Simple enough. Zaf calls for help, Gabe, his right hand man Jed (Craig Fairbass) and their crew go to fetch the boy. The problem is that this porta-potty was snatched by the organization of a super evil Romanian cat named Cristi (Danny Midwinter) who is a pimp, human trafficker, child exploiter, illegal fight promoter and anything else rotten that a single person can be involved in. A big fight ensues, some random Romanian thug dies in the process and Zaf is safe but Cristi informs Gabe that it would really be in his best interest to just kill him now. Personally I’m into granting wishes but Gabe takes the idle threats of this foreigner as just that. Plus this is his country. The nerve of this clown threatening him in his country.

Then the bad stuff starts happening. First Gabe’s boxing gym is blowed up. Jed had to ask Zaf if his folks did this… I mean they are Middle Eastern, right? But Gabe knows exactly who did this. Worse still is that his baby girl Julie was in this gym and has been stolen by Cristi and if they don’t find out where she is soon, there’s no telling what this lunatic will do to her. But it gets even worse. Gabe also has three sons. Stevie (Sam

Kennard) is okay, working as a successful businessman but his twin brother Sonny (Matt Kennard) was involved in Cristi’s illegal ultimate fighting competition and baby brother Karl (Luke Aikman) had the misfortune of watching Sonny die in the ring. Note they wouldn’t have even been doing this if cheap foreign labor hadn’t snatched up their construction gigs.

There’s also a side story going on involving one of Cristi’s imported families, the woman forced to work at the strip club, which is way more appealing than working in the saunas, her husband forced to fight in cages against his will and their daughter that Cristi is prepping for the highest pedophilic bidder. He’s not a nice person. Good thing Jed is around because Jed is about to clean up all of this mess by punching people in the face and shooting them in the head. This… I can relate to.
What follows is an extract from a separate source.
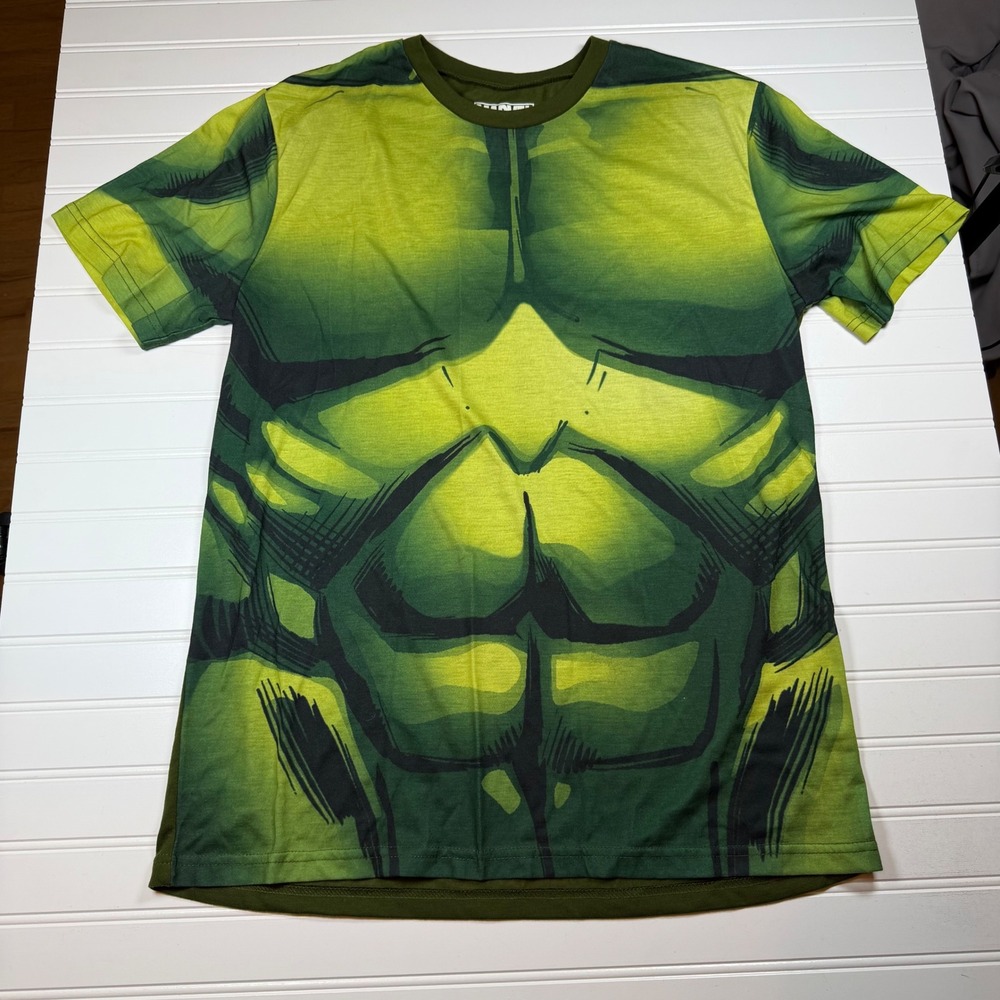 Marvel Incredible Hulk Muscle Graphic T Shirt Mens Large Green Mad Engine LG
Stuart St. Paul’s ‘Freight’ probably should’ve been better than it was because it does possess a lot of the core elements which usually make for a solid action flick. For instance most really good action movies are defined by their bad guy and Danny Midwinter’s character of Cristi is about as bad as they come. But with all of Cristi’s sneering, and the laugh cackle he had that was lifted right off of Fearless Leader from those Rocky and Bullwinkle cartoons, he was a little on the cartoonish side of things. The movie also lacked a central, focused main character. Craig Fairbass eventually stole the show, as he tends to do in the movies he shows up in, but his show stealing was in detriment to Billy Murray’s character of Gabe who I think was supposed to be our primary hero in this thing. The problem was that his toilet salesman / MI5 secret agent, or whatever he was before he started peddling toilets, was far too sketchy. They needed to spend a little more time on him, letting us know why he’s who he is. They touched on it a little, but only a little.
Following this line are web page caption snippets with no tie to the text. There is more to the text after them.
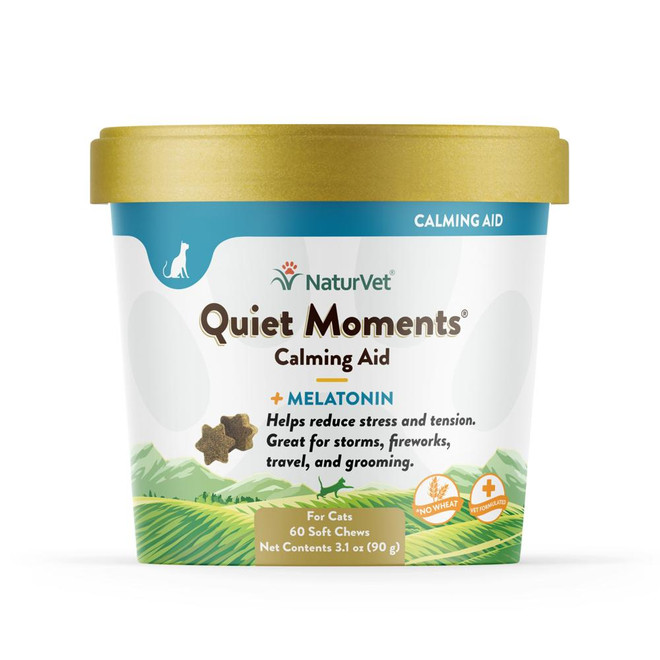 NaturVet Quiet Moments Calming Aid Soft Chew Supplements for Cats (60 Count)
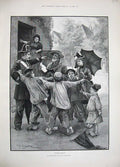 Original Old Antique Print 1889 Fine Art Tourists Children Town Street People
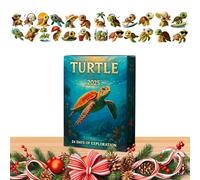 24 Day Turtle - 2025 Animal Acrylic Pendant Countdown Timer Novelty Christmas Decoration for Living Room Entryway Door Table Window Cave
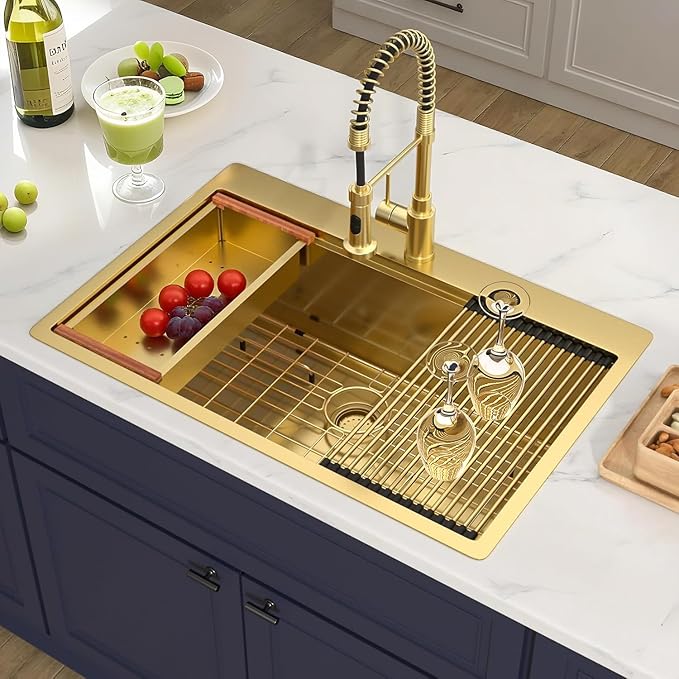 Gold Kitchen Sink 33" X 22",Drop In/Top Mount 16 Gauge Stainless Steel Workstation Sink,Deep & Large Single Bowl Kitchen Sinks (Gold, 33" X 22")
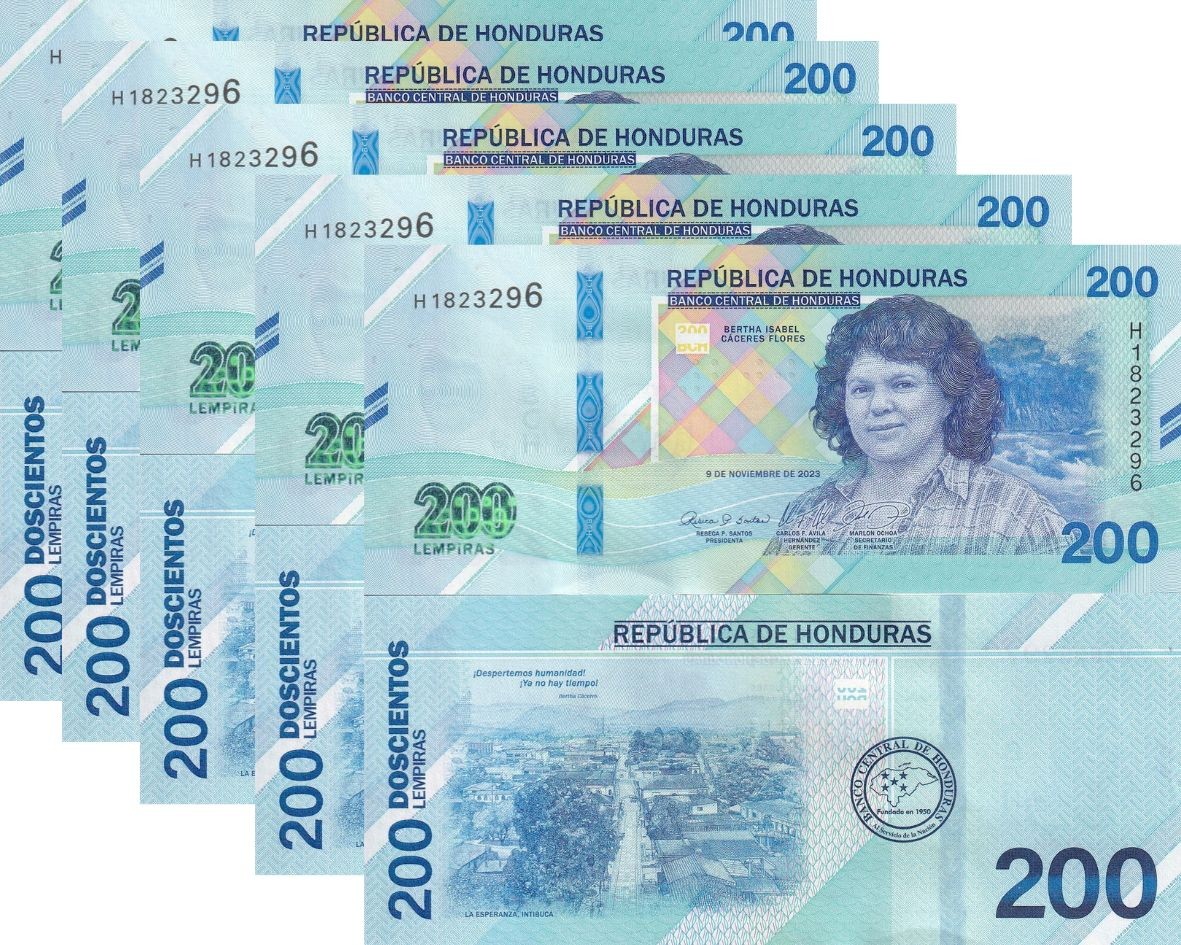 Honduras 200 Lempiras 2023 / 2026 P 114 NEW Color Design LOT 5 UNC NHB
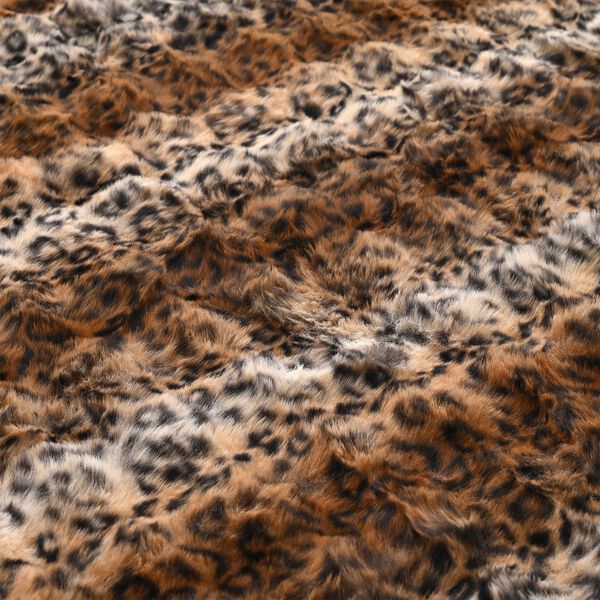 Serenity Night - Luxus-Kunstfell-Decke mit Wellenstruktur, 1300 g, Braun-Leopardmuster, 150x200 cm image number 6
The action sequences were solid and well done, but again maybe a little too cartoonish in their presentation. How many street shootouts and explosions and car chases and car crashes can one town experience without a single cop ever showing up? We don’t like cops getting in the way of our action movies either, but every once in a while they need to show up just to let us know they exist.

There was some classic stuff in this movie though, like when the future whore jumped through the plate glass window to avoid whoring or when baby brother over there started wildly and uncontrollably shooting people in the face, and it’s not like I wasn’t entertained by this movie considering all of the entertainable (not a word) elements that were stuffed in this movie, and I didn’t even mind the politics so much since they did integrate properly with the crazy story that St. Paul was telling. It’s just that if my man could’ve toned it down a bit, maybe bring the overload of action and evil down to a level that exists on a planet that I’m more familiar with, and perhaps place a touch more focus on our main character… It just seemed that this should’ve been better. Still, I’d watch this a hundred times before watching another five minutes of Tamara Drewe.